**Task requirements**
Write out the following listing's lines from the one with "b私钥导入的具体内容较为复杂，以下是根据您的" to the one with "найти адрес прописки в Приморско-Ахтарске", exactly, with both included and no others.

**Source data**
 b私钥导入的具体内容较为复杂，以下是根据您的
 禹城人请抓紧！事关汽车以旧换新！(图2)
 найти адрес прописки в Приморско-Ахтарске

* * *

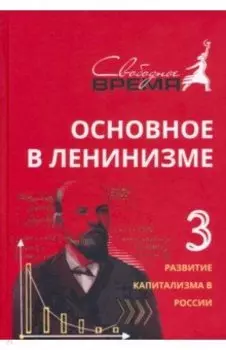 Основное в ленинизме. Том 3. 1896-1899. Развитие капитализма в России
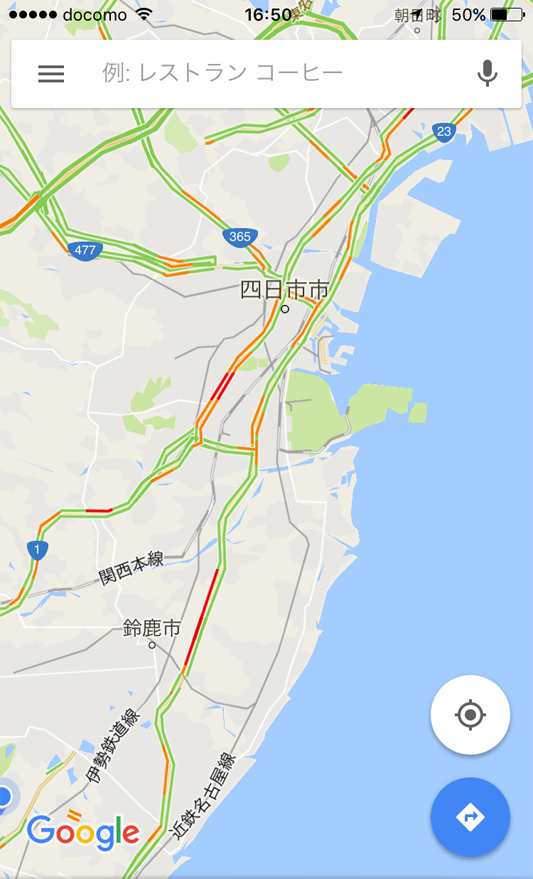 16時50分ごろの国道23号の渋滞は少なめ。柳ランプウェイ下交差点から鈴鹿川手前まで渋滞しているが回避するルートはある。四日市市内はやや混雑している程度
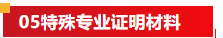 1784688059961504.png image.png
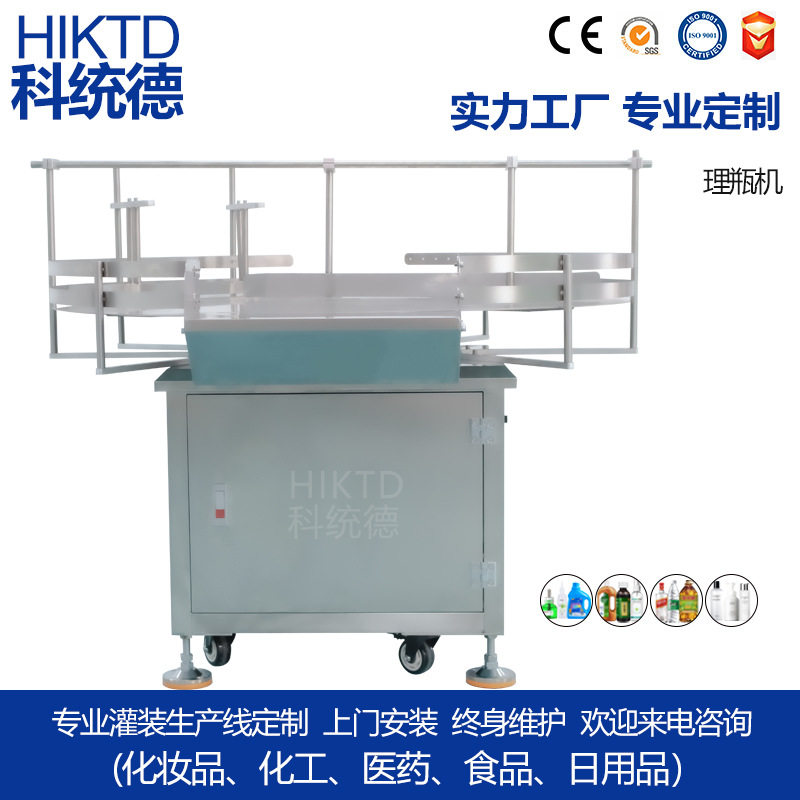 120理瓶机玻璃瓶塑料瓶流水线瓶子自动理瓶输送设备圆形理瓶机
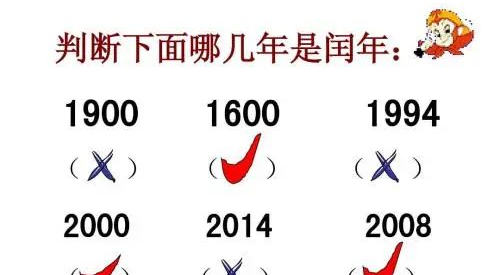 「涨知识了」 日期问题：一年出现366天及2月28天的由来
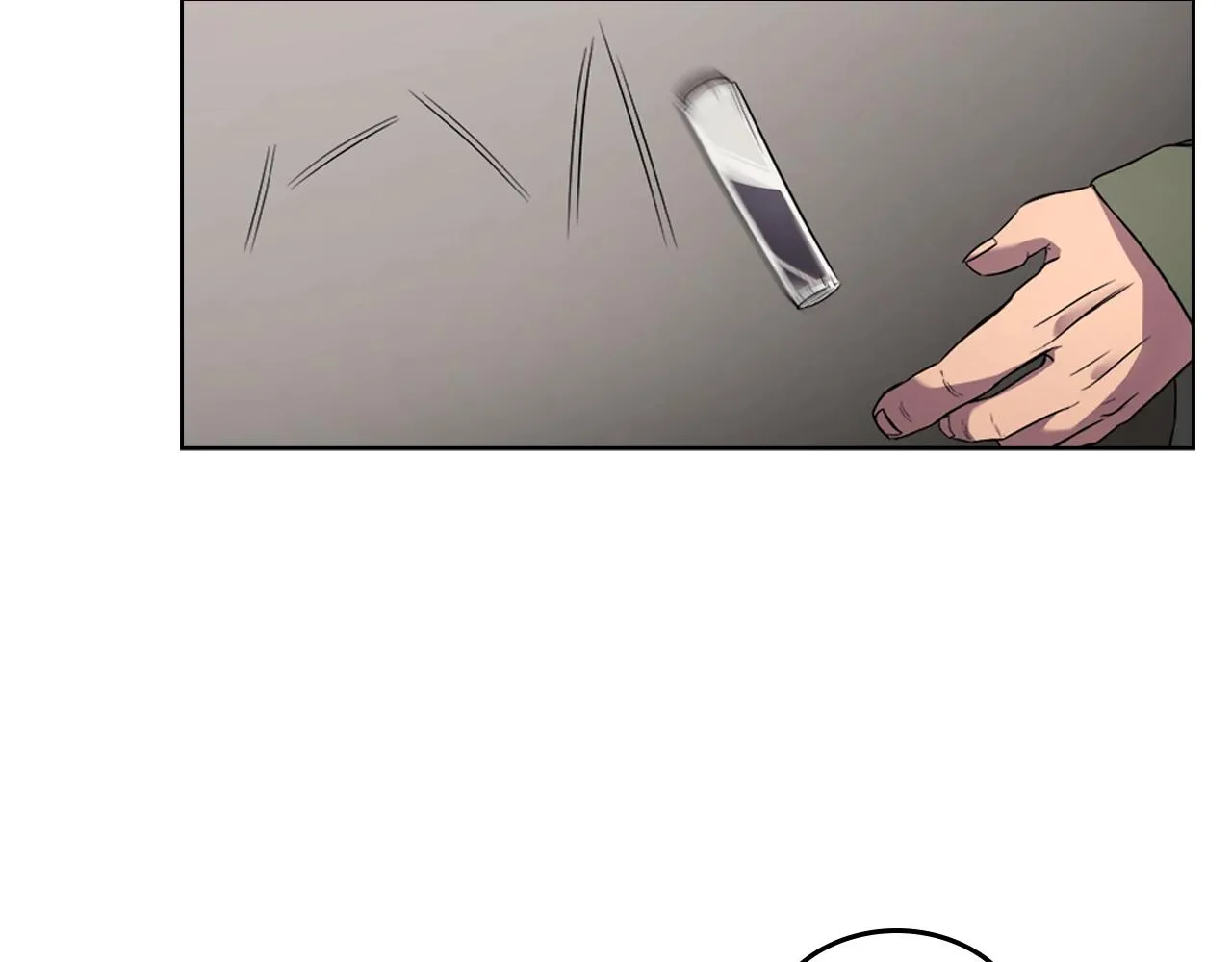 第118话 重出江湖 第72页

* * *

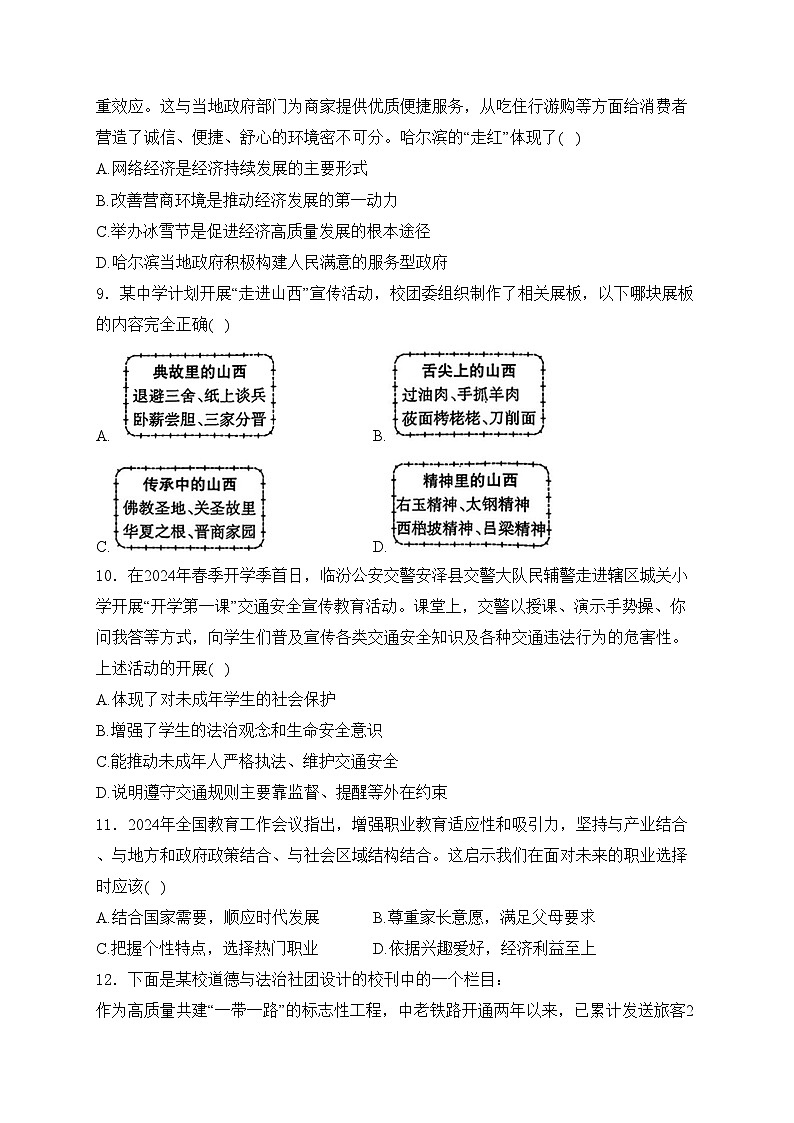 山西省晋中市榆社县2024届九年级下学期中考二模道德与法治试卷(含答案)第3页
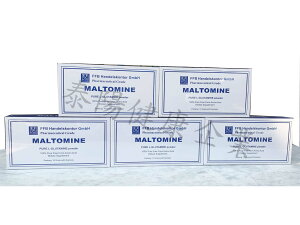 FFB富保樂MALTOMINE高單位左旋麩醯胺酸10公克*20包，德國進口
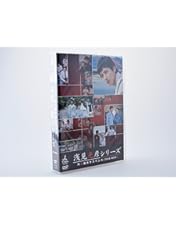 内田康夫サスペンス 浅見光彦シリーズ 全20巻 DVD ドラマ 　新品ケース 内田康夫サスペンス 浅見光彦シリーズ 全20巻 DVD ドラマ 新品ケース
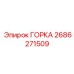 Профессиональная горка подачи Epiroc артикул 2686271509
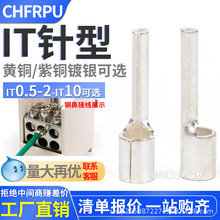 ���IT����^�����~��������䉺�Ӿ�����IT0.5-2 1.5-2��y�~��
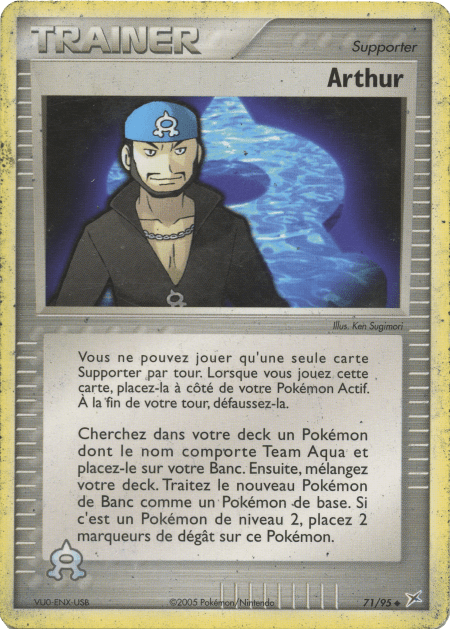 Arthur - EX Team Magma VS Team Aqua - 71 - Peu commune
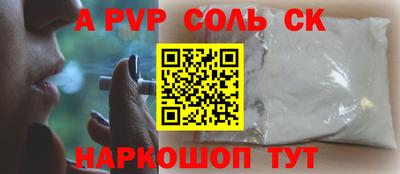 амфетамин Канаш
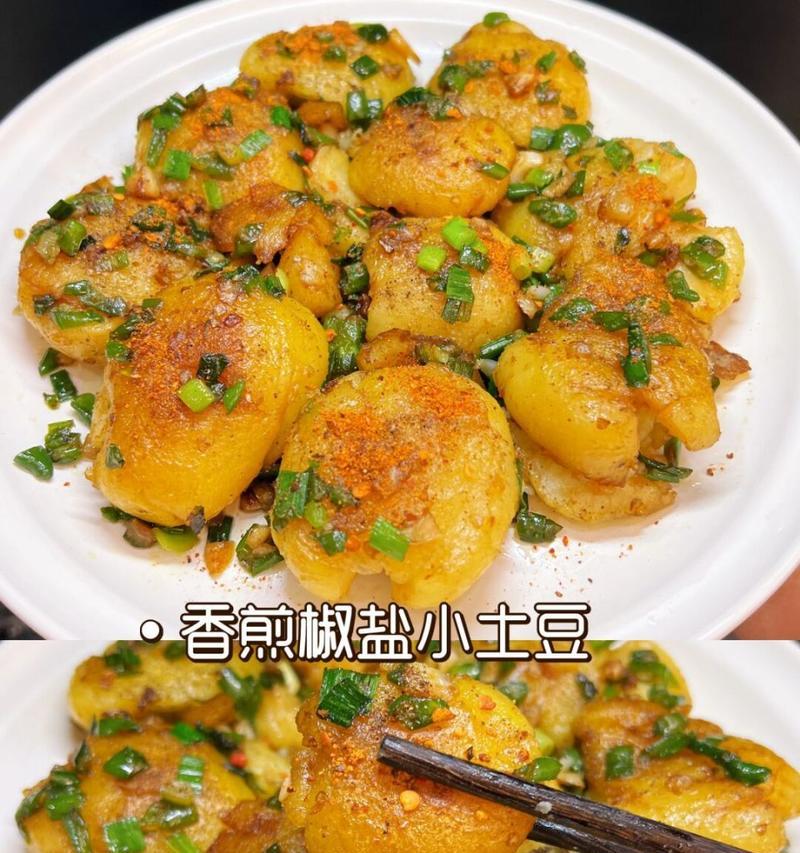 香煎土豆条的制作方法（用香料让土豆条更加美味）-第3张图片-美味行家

**Task result**
 b私钥导入的具体内容较为复杂，以下是根据您的
 禹城人请抓紧！事关汽车以旧换新！(图2)
 найти адрес прописки в Приморско-Ахтарске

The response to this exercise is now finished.